メールボックスインテリジェンスのアクション設定についてもユーザー偽装保護と同様になります。
偽装の安全性に関するヒント
偽装の安全性に関するヒントとは、受信したメッセージが偽装の可能性がある場合にユーザーに対して警告メッセージを表示する機能になります。設定画面のイメージは以下画像の通りです。
信頼できる送信者とドメイン
信頼できる送信者とドメインとは、偽装保護設定をバイパスする設定になります。指定した送信者と送信者ドメインからのメッセージは偽装メースの攻撃として分類されなくなります。登録できるリストの上限は1024エントリになっています。設定画面のイメージは以下画像の通りです。
②高度なフィッシングのしきい値
高度なフィッシングのしきい値とは、メッセージに機械学習を適用してフィッシング判定を決定するための感度を制御する設定になります。設定値は以下の1~4より選択することができます。なお、この設定値を大きくすると誤検知が発生する可能性が高くなるため注意が必要です。
- 1 – 標準(既定値です)
- 2 – 積極的
- 3 – より積極的
- 4 – 最も積極的
以下は設定箇所のイメージになります。
Microsoft 365のフィッシング対策ポリシーを設定
設定内容の説明が長くなってしまいましたが、ここから実際にMicrosoft 365 Defenderポータルへアクセスして、フィッシング対策ポリシーの設定を実施していきます。
設定箇所は、[Microsoft 365 Defenderポータル > メールとコラボレーションメニューのポリシーとルール > 脅威ポリシー > フィッシング対策]の順に遷移した以下画面になります。
既定で「Office365 AntiPhish Default(既定)」という名前のポリシーが存在しており、すべてのユーザーが本ポリシーの制御対象になっています。また、こちらのポリシーは削除することはできません。
特定のユーザーまたはグループに対して適用したい場合は新規でカスタムポリシーを作成することで実現可能です。上記画像ですと、「フィッシング対策ポリシー(カスタム設定)」という名前のポリシーが個別で作成したものになります。
それではポリシーの詳細を設定していきます。(検証のためカスタムポリシーを作成していますが、設定内容は同一のため既定のポリシーを編集したケースのみ記載します。)
フィッシング対策ポリシーの設定は大きく保護設定とアクション設定の2つに分かれています。

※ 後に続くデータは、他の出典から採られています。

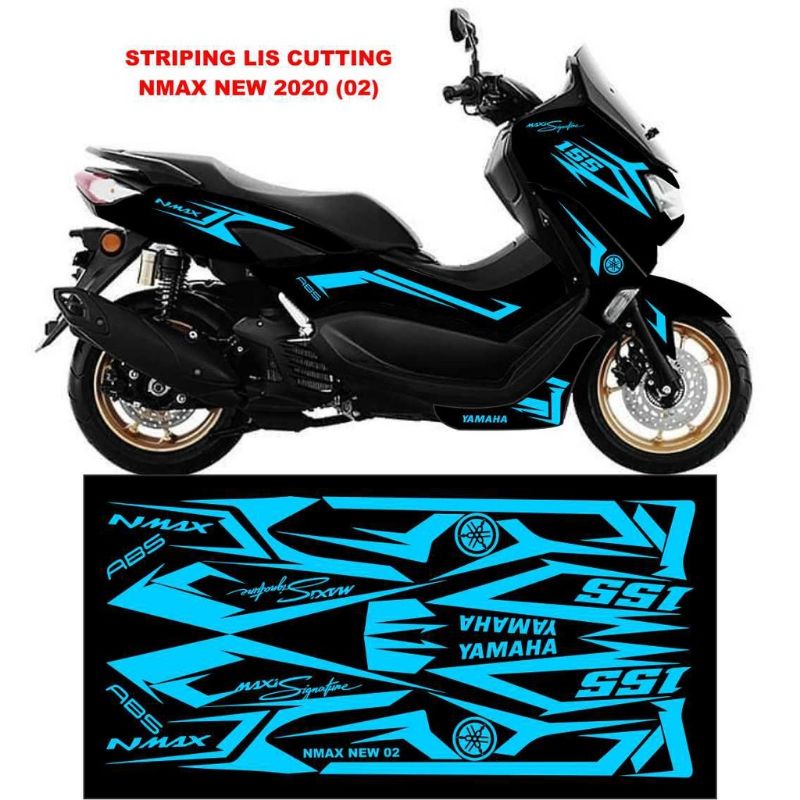 Striping Cutting Sticker NEW NMAX HITAM  Sporty Biru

まずは保護設定を行います。今回は、セキュアスコアを向上したいという目的があるため、すべての項目を有効化して保存しました。(ユーザー保護偽装およびドメイン保護偽装で個別エントリの登録は行っておりません。)
続いてアクションの設定になります。今回はすべてのアクションに対して「メッセージを検疫する」を指定しました。
また、アクション設定の中に「安全のヒント&インジケーター」の設定があります。こちらも全ての項目にチェックを入れて保存しました。

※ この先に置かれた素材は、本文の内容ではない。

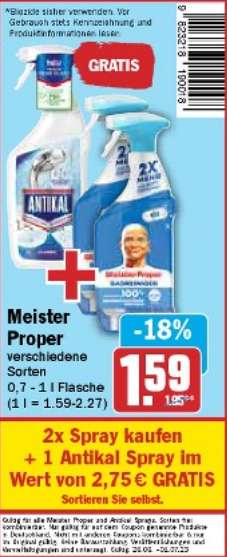 [HIT] 2x Mister Proper Spray für je 1,59 € kaufen --> 1 Antikal Spray im Wert von 2,75 € gratis erhalten (Angebot + Coupon) - ab 26.06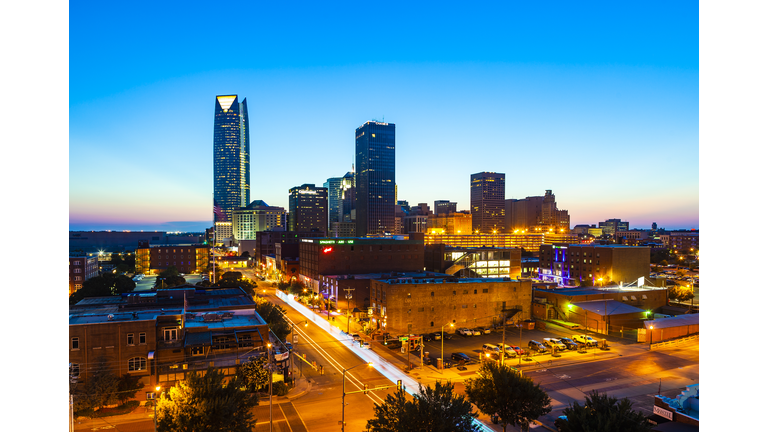 Oklahoma City, Oklahoma, USA At Night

以上でフィッシング対策ポリシーの設定は完了になります。
セキュアスコアのポイント獲得結果を確認
最後に、Microsoft 365 Defenderのセキュア スコアがどの程度改善されたのか確認していきます。(セキュアスコアが更新されるまでに24時間程度かかりました。)
結果は以下の通りでした、アプリのスコアが59.72%⇒67.2%へ改善されたことを確認できました!
さいごに
いかがでしょうか?今回はMicrosoft 365 Defenderのセキュアスコア向上の取り組み第2弾として、アプリ(メール)セキュリティのフィッシング対策ポリシーについて設定内容を確認し、実際に設定強化を実施しました。
セキュアスコアのポイントは、アカウントの追加や管理者ロールの付与、デバイスの追加等々、日々の状態変化に応じて変動します。これからも定期的にポイントをウォッチしつつ、更なるポイント獲得のために継続して取り組んでいく予定ですので、第3弾以降も引き続き記事化していきたいと思います。次回はIDカテゴリのポイントが前回より下がっているため、そちらの改善を検討しております。